The Federal Open Market Committee of the US Federal Reserve will end its two-day meeting today. The FOMC meeting on April 28-29 will decide whether to keep the fed funds rate unchanged at 3.5%-3.75% or cut. The US Fed chair Powell is announcing the FOMC decision on rates on Wednesday at 2pm ET. The live streaming of the FOMC meeting can be watched on the YouTube channel of the US Federal Reserve.

The US Fed continues to face challenges from economic uncertainty and inflationary risks. The Iran war has led to a significant surge in oil prices, over 50% in the last 10 weeks. This is likely to push inflation higher if oil prices stay higher for longer.

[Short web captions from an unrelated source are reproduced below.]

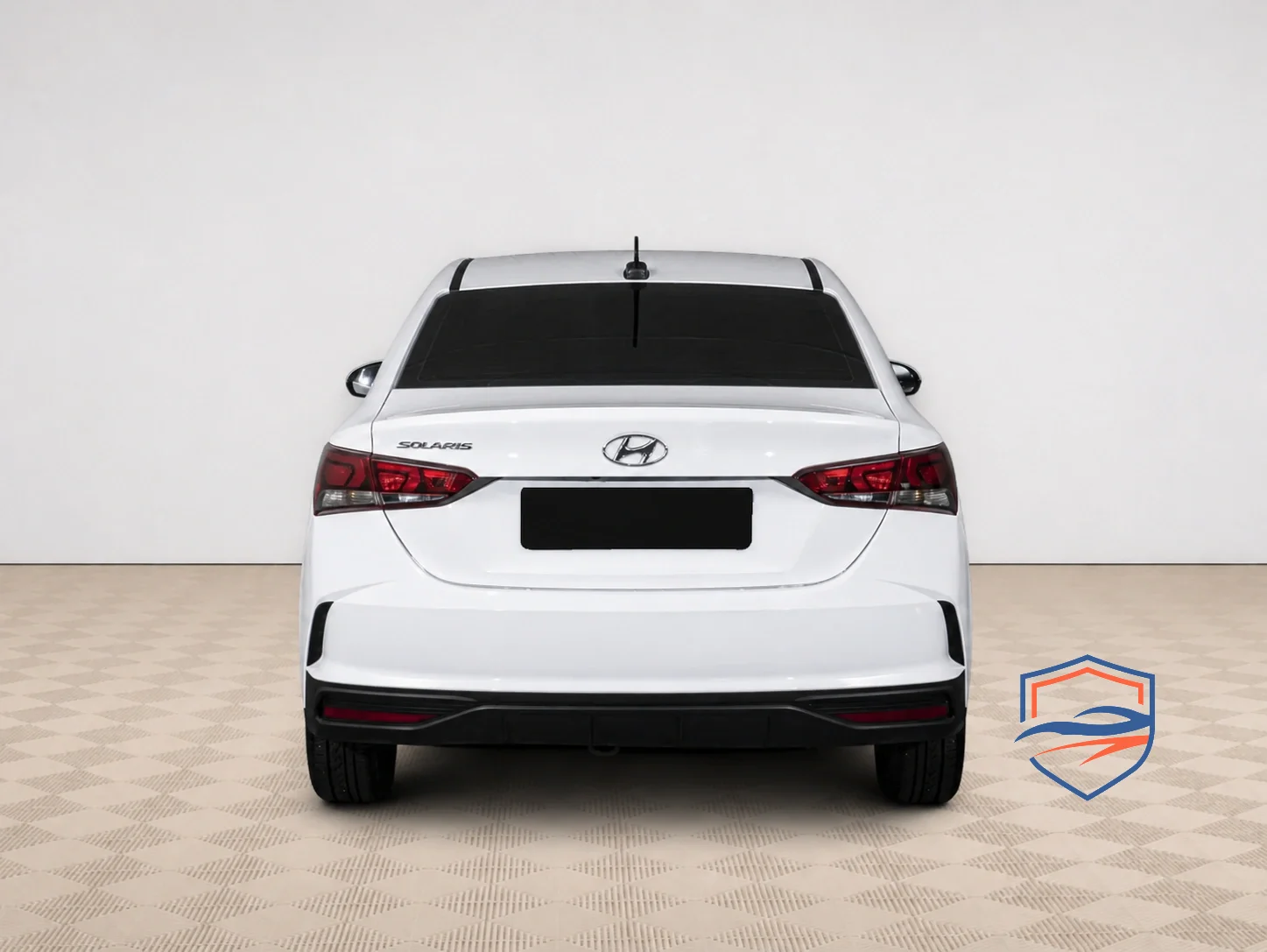 Hyundai - Hyundai Solaris II Рестайлинг, 2021 г.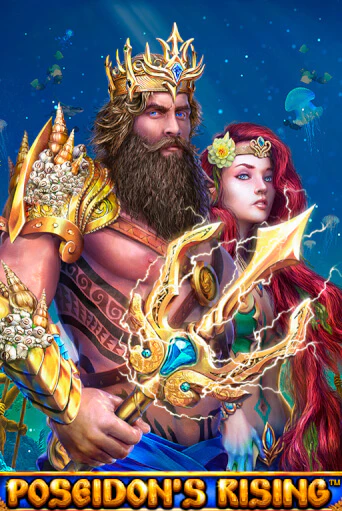 Poseidon's Rising - The Golden Era бесплатная демо игра онлайн казино | Покер Дом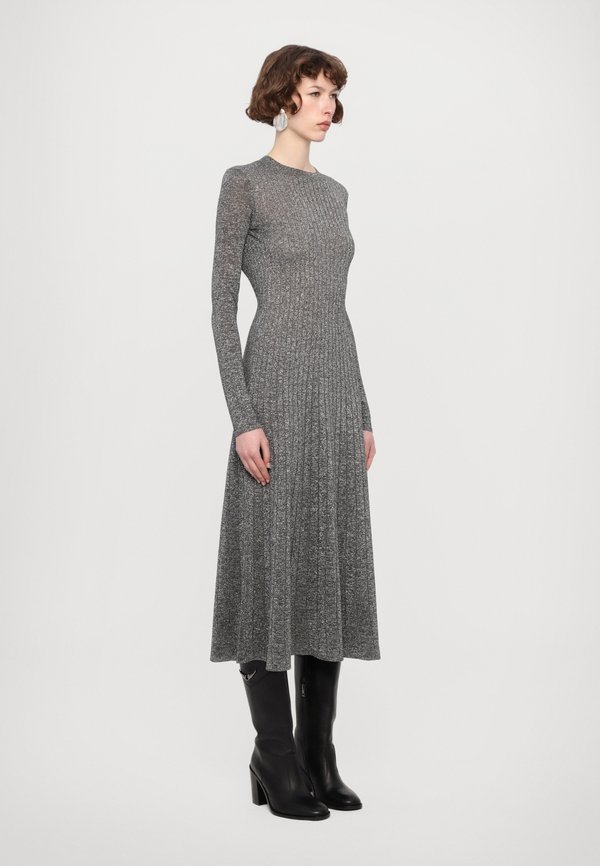 PAVLOVA MID LENGTH DRESS - Jumper dress - storm2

The rate cut outlook in 2026 also appears dim. “During the March 2026 FOMC, the Federal Reserve struck a relatively balanced tone. While the underlying inflation backdrop could have justified a more hawkish stance, the Fed chose to remain measured given the early stages of the Iran conflict and the uncertainty around its economic implications.

That uncertainty has now largely been resolved. The prolonged disruption in the Strait of Hormuz has meaningfully altered the energy outlook, with oil prices expected to remain elevated for an extended period. This introduces a more persistent inflationary impulse, particularly through energy and second-order effects on input costs.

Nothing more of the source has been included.